The brilliant attempts at humor, everyone

The graphics are going to be a love or hate situation. I happen to like them, though at times they do feel a little like a flash game ripped from Newgrounds. They have this sort of fun animation style to them, like watching a modestly budgeted animated show, that I kind of love. The music relies strangely heavily on a sort of snappy jazz for a lot of it (particularly the songs focused on Crow). There’s also this fun tendency to throw in some jokes into the music that actually land: the dwarfish chanting in the Dwarf Kingdom is just a recitation of the princess’s overly long name, for example.

But the controls make the game almost literally on playable.

I’ve played my share of platformer games, primarily metroidvanias, but I also played a Kirby game in recent memory and I’ve gone through my share of Mario games (along with several others). In a game like, say, Hollow Knight, the tight controls are part of what makes the game. The characters are responsive to your inputs: an attack hits and hits precisely and accurately; a jump can be controlled and predicted.

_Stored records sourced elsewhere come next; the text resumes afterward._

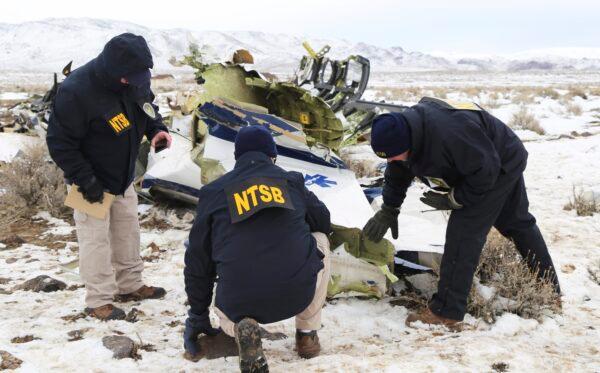 NTSB investigators document the wreckage of a Pilatus PC-12 airplane at the crash site in Dayton, Nev., on Feb. 26, 2023. (NTSB via AP)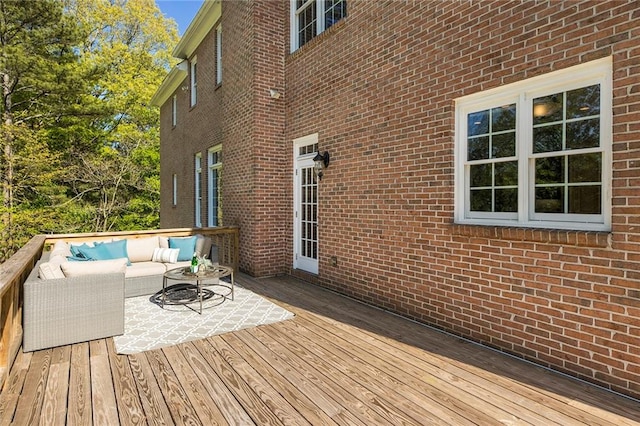 wooden terrace with an outdoor living space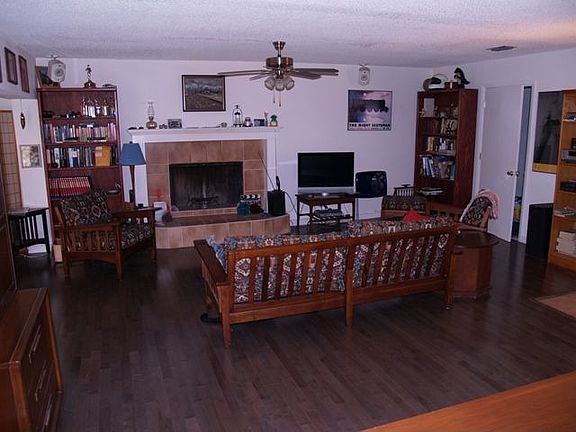 Commericial hardwood flooring and tile fireplace in living area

It helps if the area where you can hit an enemy, their hit box, makes sense.

None of that applies to Nefarious. Crow always feels floaty, as if someone turned the gravity to low. This doesn’t matter if you’re controlling the actual crow bopping and jumping your way across a stage, or if you’re Crow in one of the several various devices and boss outfits that he utilizes. It always feels like playing the game on an ice level.

This applies to every aspect. The punches take a while to line up and are a little sloppy, particularly with their hit boxes. The ranged weapons are grenades, which are often lobbed in ways that are difficult to predict. At least one fight requires you to hit enemies into other enemies, and that feels quite loose with its own strange physics (I won that fight by literally staying as far away from the enemy that could hurt me and just lobbing enemies without aiming until I got it).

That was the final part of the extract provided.